ATD Blog
Wed May 31 2017
The Penrose Staircase is an illusory structure resembling a staircase that seems to ascend forever around the perimeter of a square. An artificial construct of the human mind, it provides insights into the nature of the cognitive economy. To climb the Penrose Staircase, a physical impossibility, is to be stuck in an infinite loop, depleting one’s energy and sapping the will from the bones of the most willfully resolved person.
Cognitive loads are growing—both in quantity and complexity—faster than our ability to master them and cognitive distortions lead us to underestimate the gap between what we know and what we think we know. So we charge ahead, on a steep climb, in pursuit of mastering our own domains, a goal that always stays just out of reach. Success in the cognitive economy, it seems, is like a mountain that keeps growing ahead of us as we hike it.
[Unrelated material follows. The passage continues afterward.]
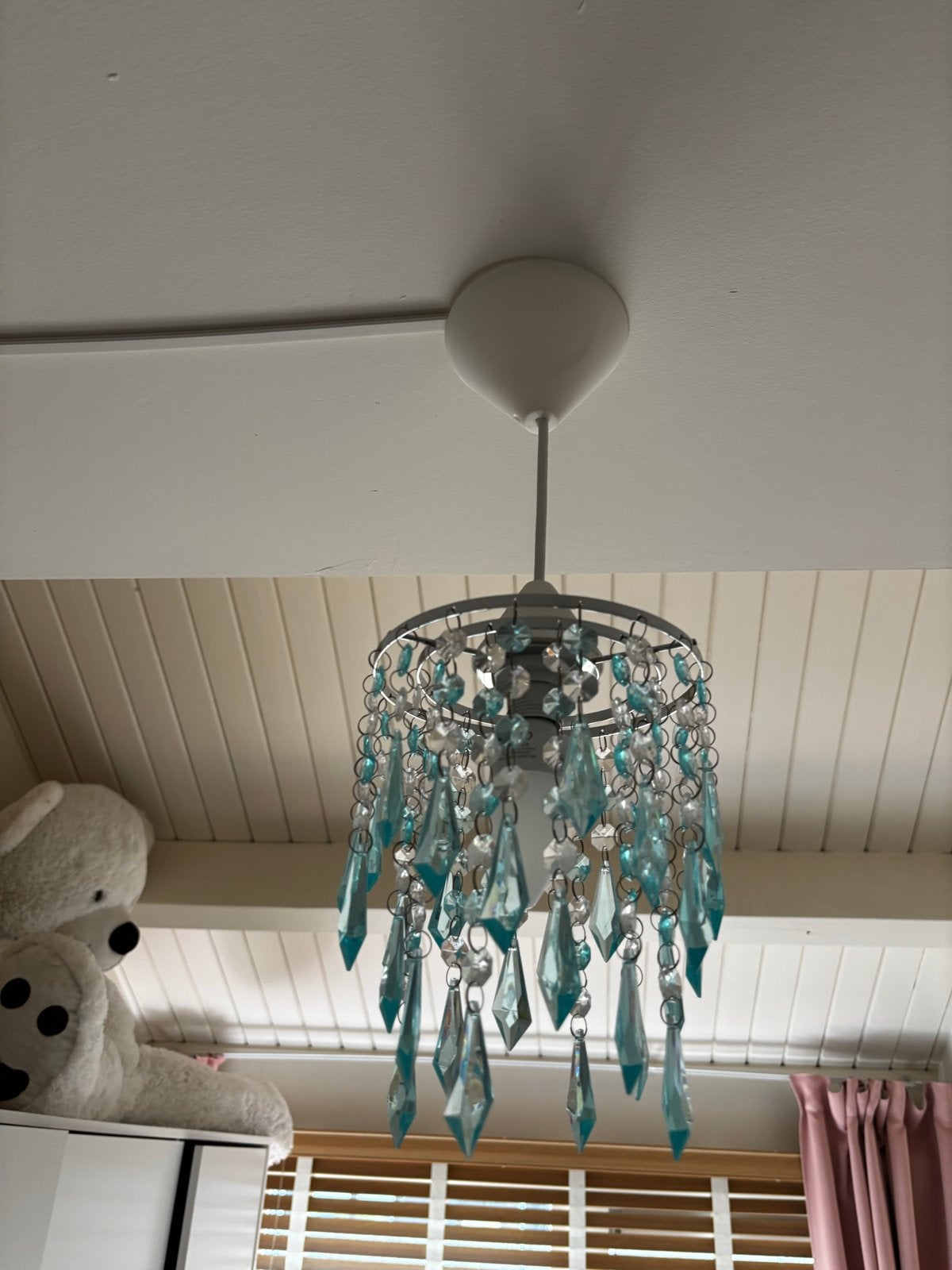 Charmante hanglamp met blauwe en transparante kralen, Ophalen of Verzenden, Gebruikt, Kunststof, E27 (groot)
But the human mind is a powerful problem solver. It can reflect on this conundrum, and turn to mathematics for ideas, about how certain facts follow inevitably from others, about how certain structures imply the occurrence of particular phenomena. Imagine, drawing two parallel lines on a deflated balloon. As you inflate the balloon, the lines no longer seem parallel. By deforming the underlying fabric, a rule of geometry, “parallel lines never cross”, is rewritten.
Now consider the case of two successful journalists on two parallel tracks. Heather Stewart was The Observer’s economics editor and a perfect fit for the political editorship of The Guardian, a position vacated by Patrick Wintour in October 2015. But as a mother of two children, Stewart felt she couldn’t do it alone. She reached out to her friend, Anushka Asthana, political correspondent at Sky News and mother of two children, and suggested they apply for the role together as a job share. The pair submitted a joint application and got the job. Their boss, Katharine Viner, The Guardian’s editor-in-chief, basically said to them, “You set it up. You make it work.” And they did.
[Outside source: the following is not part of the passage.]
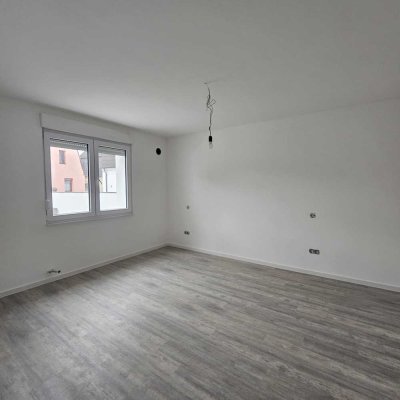 Moderne 2-Zimmer-Wohnung im Herzen von Lampertheim – Stilvoll, zentral und hochwertig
Job sharing is about caring for ourselves and those who share our cognitive burdens. “Job sharing gives you solidarity,” says Asthana. “You are always looking out for each other and, on the days when you are worrying about something or slagging yourself off, the other person is there to pick you up.”
“We work very differently to traditional journalists,” adds Stewart. “We share all our contacts and conversations and many of our stories have joint bylines. There are no sharp elbows in this relationship.”
Job sharing is about conquering cognitive challenges. More senior jobs in the cognitive economy require higher energy input, both physically and mentally, to manage the forces shaping the work environment and engage the risks emerging across the business landscape. Job sharing translates into having a relay of two sprints instead of a week-long middle-distance run. Contradictions that stymie one creative mind can be conquered at the confluence of two creative minds.
Most of our knowledge resides outside of our heads—in our bodies, in the environment, and most importantly, in other people. We need to leverage all of that knowledge to unlock our potential and defeat the paradoxes of the cognitive economy, the self-defeating holding patterns that take many of the best and brightest, one by one, into psychological quicksand.
Progress, to soar above the “Cognitive Penrose Staircase,” demands cooperation—to care and conquer by the power of the pair. And that requires trust. Only then can parallel lines cross.